Bulgaria, a province of European Turkey, bounded N. by the Danube, which separates it from Roumania, E. by the Black sea, S. by the Balkan chain, which separates it from Roumelia, S. W. by Prisrend, and N. W. by Servia; area, about 39,000 sq. m.; pop. estimated at about 2,500,000, of whom about 40 per cent, are Bulgarians and 20 per cent. Ottomans, the remainder being Jews, Serbs, Greeks, Armenians, Tartars, Circassians, Albanians, Bosniaks, Wallachs, and gypsies, with a few settlers from various European countries. The Bulgarians, with the exception of about 170,-000 Mohammedans and 6,000 Roman Catholics, belong to the Greek communion, of which there are 10 archbishoprics and 3 bishoprics. Until 1864 Bulgaria was divided into the three eyalets or pashalics of Silistria, Widin, and Nissa. It is now officially known as the vilayet of Tuna, or principality of the Danube. It is divided into seven sanjaks, or districts, under a governor general, whose residence is at Rustchuk. Sophia, Nissa, Trnova, Sistova, and Nicopolis are among the chief cities. The principal fortified towns are Silistria, Rustchuk, and Widin on the Danube, Varna on the Black sea, and Shumla in the interior, commanding the main pass through the Balkan mountains.

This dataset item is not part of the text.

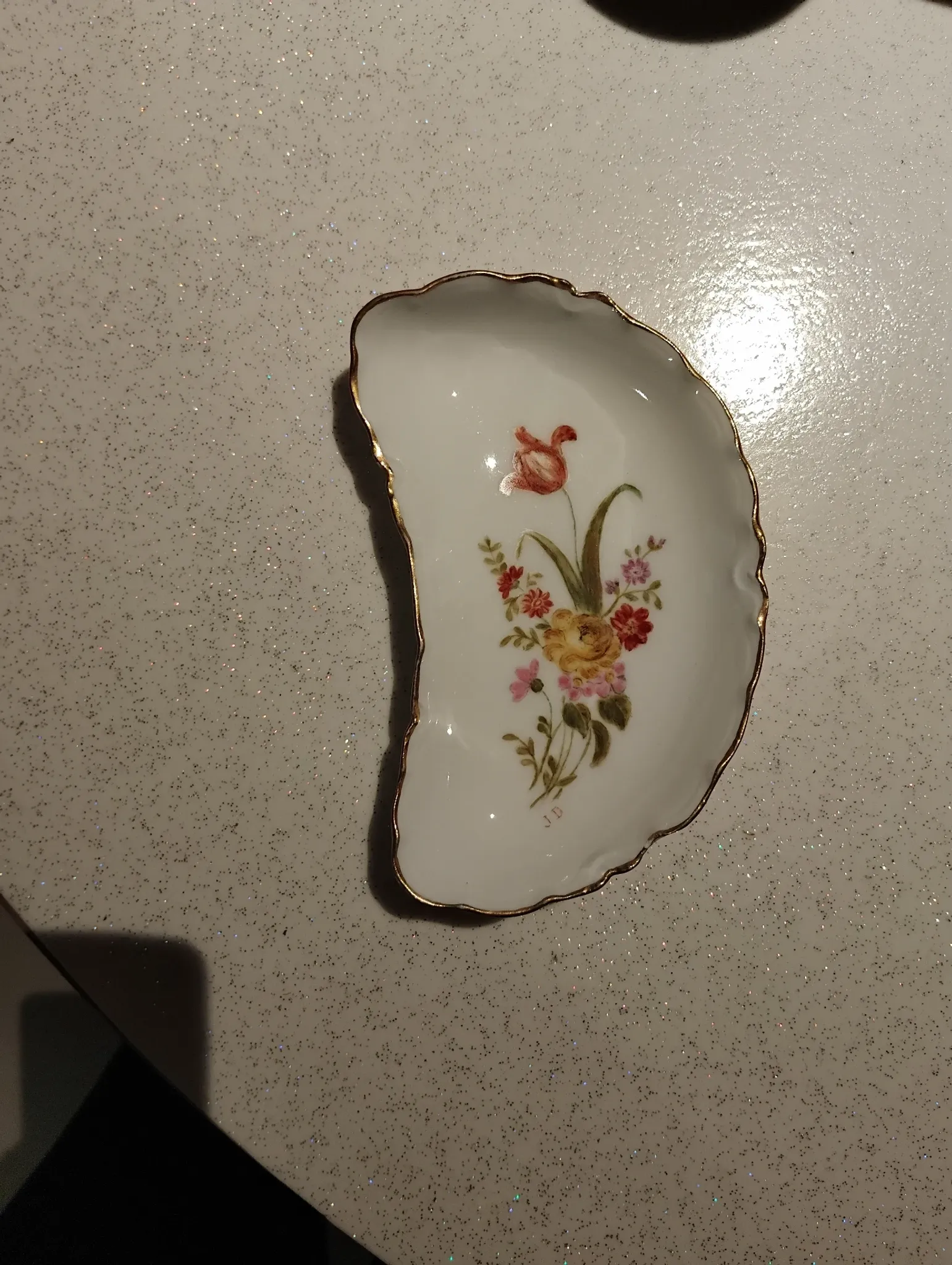 Half-moon porcelain dish from Limoges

Bulgaria presents the appearance of a plateau, which rises gradually from the steep banks of the Danube to the heights of the Balkan. Numerous branches of the chain run N., dividing the country into valleys whose streams flow into the Danube; the principal of these are the eastern branch of the Morava, which enters Servia, the Isker, Vid, Yantra, and Taban; the Kamtchik and Pravadi enter the Black sea, and the Struma flows S. into Macedonia. Nearly the whole south is traversed by branches of the Balkan (see Balkan), which near the S. W. corner connects with the Des-poto Dagh, the connecting links being the Rilo Dagh and the Vitosh range. The latter, which has been identified with the Scomius of the old geographers, is an enormous syenite mass rising in the form of a volcanic cone to a height of about 6,600 ft. above the sea. This part of the country, between Ikhtiman and Radomir, consists of mountain ranges and extensive valley basins from 1,700 to 3,000 ft. above the sea. They are all enclosed by primitive rock, and filled with pebbles, sand, and clay, partly of diluvial and partly of recent date. The southern mountains are thickly wooded, and the northern and eastern portions are cultivated plains bearing grain.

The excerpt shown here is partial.